LPTs are the most low-fidelity/high-speed methods, and this include frequency-domain, Cummins equation time-domain and its extensions, such as the Nonlinear Forude–Krylov (NLFK) approach. On the other hand, CFD are the most high-fidelity/low-speed methods [21], they offer fully nonlinear hydrodynamic calculations by solving numerically the Navier–Stokes equations.
None of both RWT and NWT setups are perfect, they have advantages and disadvantages inherent to their compositions. The disadvantages of both setups are explained below.
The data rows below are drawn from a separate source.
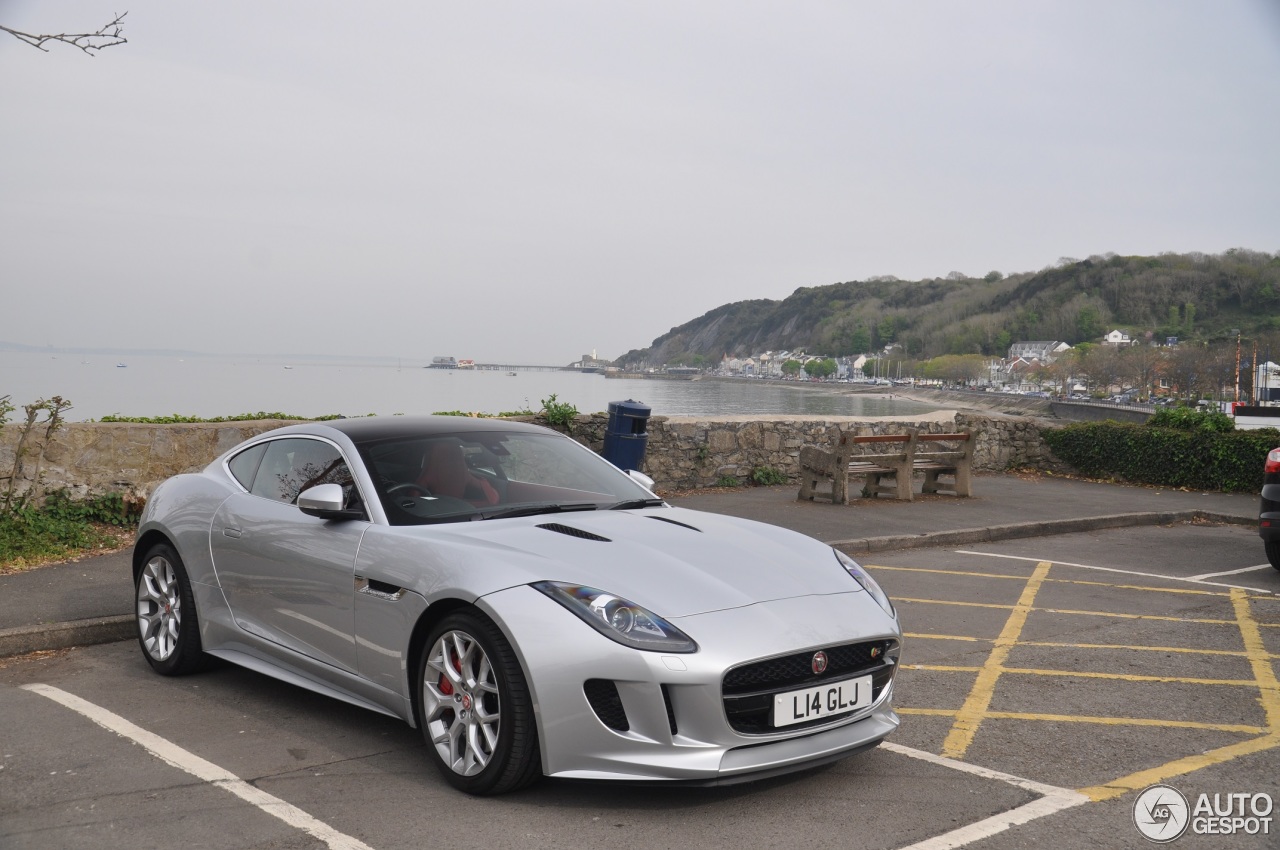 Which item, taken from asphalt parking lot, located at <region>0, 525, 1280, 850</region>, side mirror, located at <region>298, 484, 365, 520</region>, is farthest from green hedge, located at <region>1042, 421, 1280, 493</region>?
side mirror, located at <region>298, 484, 365, 520</region>

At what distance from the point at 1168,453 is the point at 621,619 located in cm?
1455

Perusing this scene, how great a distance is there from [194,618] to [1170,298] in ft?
549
Note that the disadvantage of one setup is the advantage of the other setup.
RWT disadvantages:
  • “Significant cost and the need for a physical prototype” [13].
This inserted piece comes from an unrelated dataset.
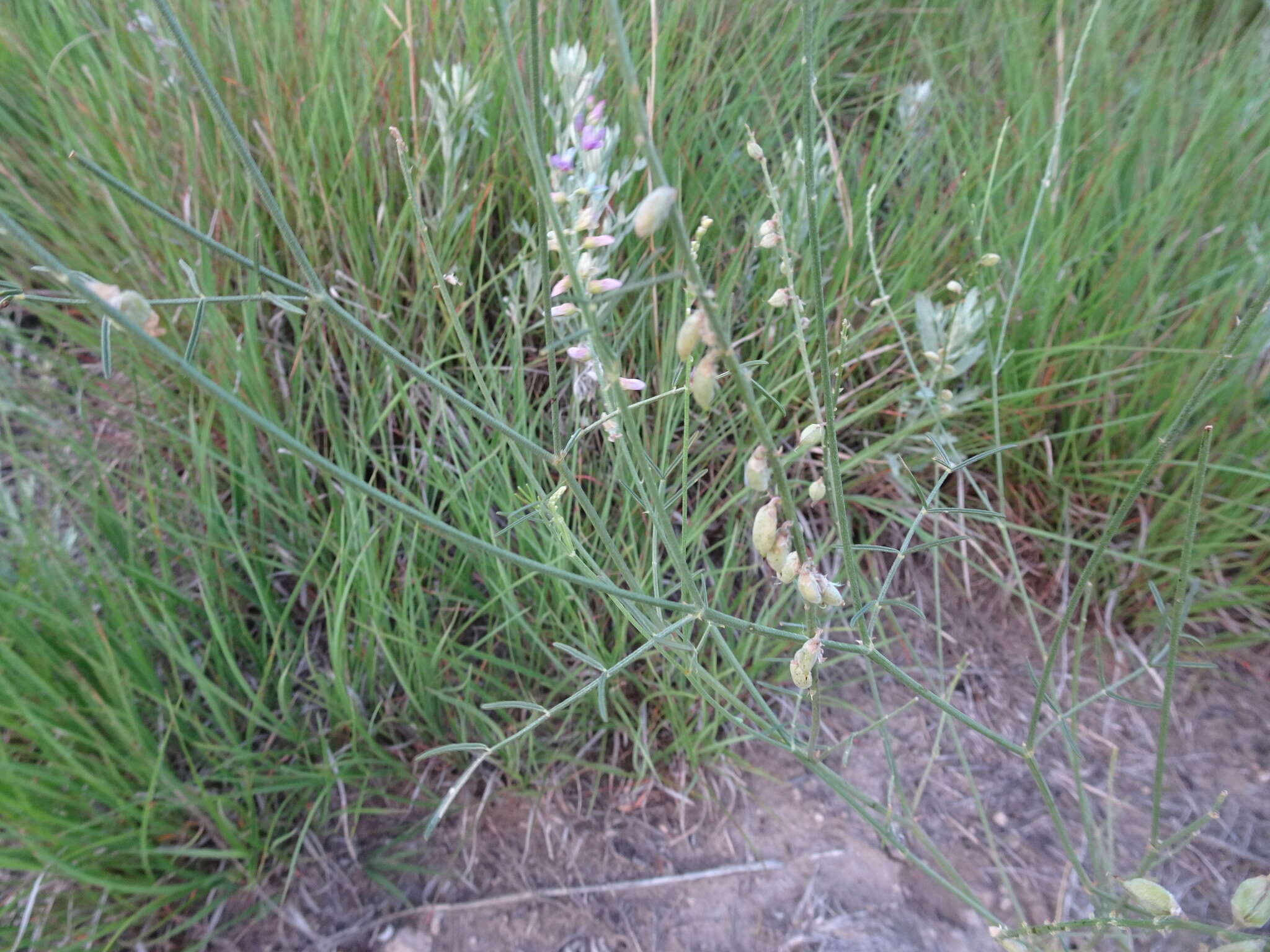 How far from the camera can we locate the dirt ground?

  • Generally, prototypes are not full scale, which introduces scaling effects in the experiments [13].
  • “Measurement errors are present” [8].
  • For free surface elevation to body motion models, there may be limitations on the range of excitation signals available [13].
  • “Tank wall reflections may further limit the range and duration of viable tests” [13].
  • The only way to constraint different modes of motion is with mechanical restraints, which can add friction and alter the device dynamics [13].
NWT disadvantages:
  • “All NWTs are implemented by utilizing mathematical models, which necessarily are an approximation of the real system under study” [8].
  • “Furthermore, the approximated equations utilized are resolved with numerical techniques, which introduce additional numerical errors. As a result, a NWT simulation does not completely correspond to the time-evolution of the real system” [8].
  • “LPT-based NWTs assume small amplitude oscillations. This is a major limitation of this modelling approach, since WECS are designed to operate over a wide range of sea conditions where large amplitude motions will result from energetic waves or sustained wave/WEC resonance. At this expanded amplitude range, the linearising assumptions are invalid, as nonlinear effects become relevant” [13].
  • “CFD-based simulations take excessively long time to perform the numerical computation of the response. Typical computation times can be up to 1000 times the simulation time” [13].
In this work, we use RWT tests to gather the data for the identification process. In Section 3, a detailed description of the data logging setup is given.

2.4. WEC Models

Figure 2 shows the forces applied to wave energy converters, it only takes into account excitation and input forces. η is the free surface elevation, and h e x ( t ) is the excitation force kernel, the rest of signals are defined in Section 1. Depending on the forces applied to excite the system, it is possible to obtain two different WEC models: free surface elevation (FSE) to body motion, and input force to body motion.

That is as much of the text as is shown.